[Captioned web image data]
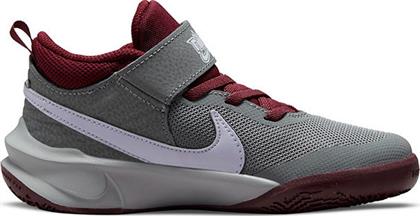Nike Αθλητικά Παιδικά Παπούτσια Μπάσκετ Team Hustle 10 Smoke Grey / Pure Violet / Dark Beetroot από το Cosmos Sport
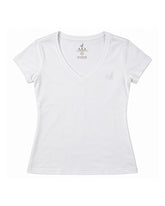 CAMISETA CUELLO V ALGODÓN DAMA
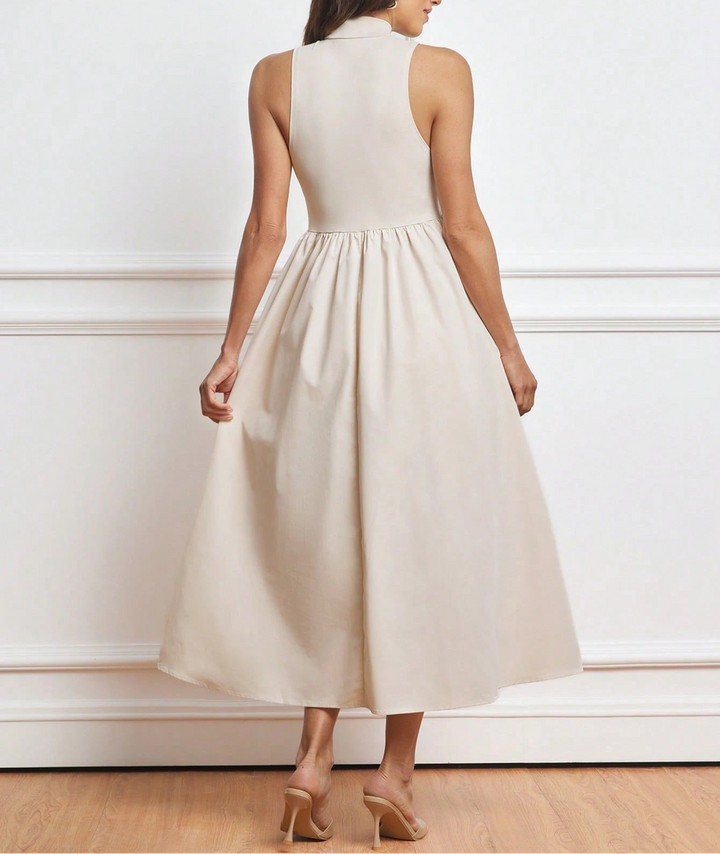 SHEIN maxi ruha, bézs
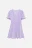 Платье мини с рукавами-фонариками и оборками - цвет фиолетовый - 7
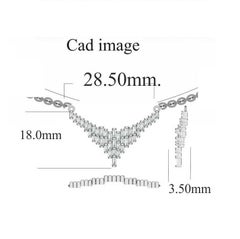 TJD 0.50 Carat Baguette Diamond 18 Karat Yellow Gold Designer Fashion Pendant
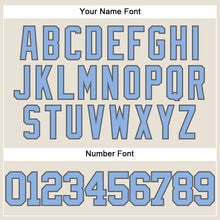 Charger l'image dans la galerie, Custom Cream Light Blue-Steel Gray Authentic Baseball Jersey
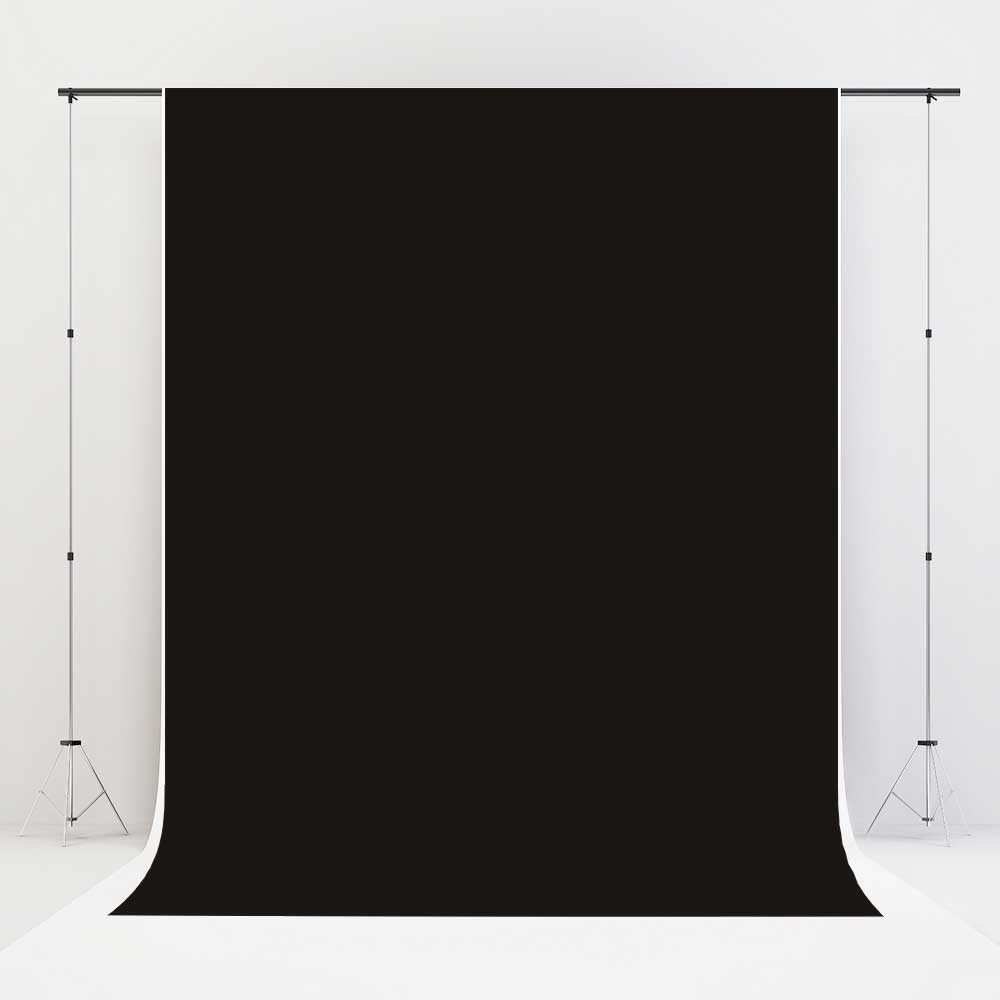 Kate Noir Couleur unie Photographie Toile de fond en Vinyle - Kate Backdrop FR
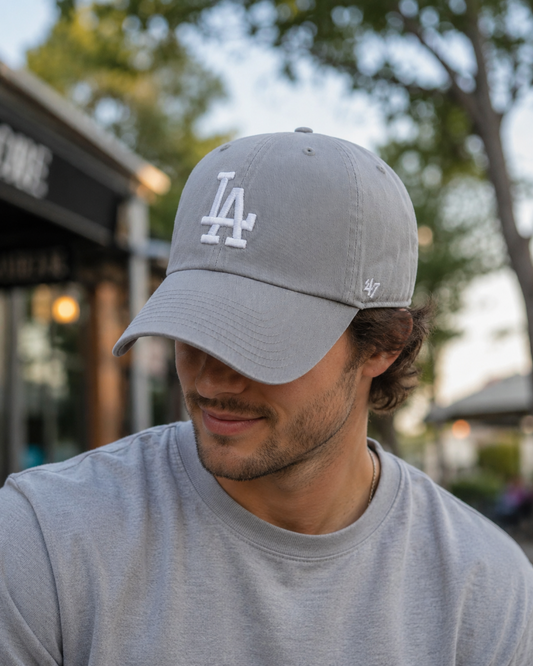 47 MLB Los Angeles Ballpark Clean Up Adjustable Hat - Cement Grey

• BRIEF:
Pictures should be omitted. Please return exactly the lines from the line that holds "SHEIN maxi ruha, bézs" through the end of the records.

• TASK RESPONSE:
 SHEIN maxi ruha, bézs
 Платье мини с рукавами-фонариками и оборками - цвет фиолетовый - 7
 TJD 0.50 Carat Baguette Diamond 18 Karat Yellow Gold Designer Fashion Pendant
 Charger l'image dans la galerie, Custom Cream Light Blue-Steel Gray Authentic Baseball Jersey
 Kate Noir Couleur unie Photographie Toile de fond en Vinyle - Kate Backdrop FR
 47 MLB Los Angeles Ballpark Clean Up Adjustable Hat - Cement Grey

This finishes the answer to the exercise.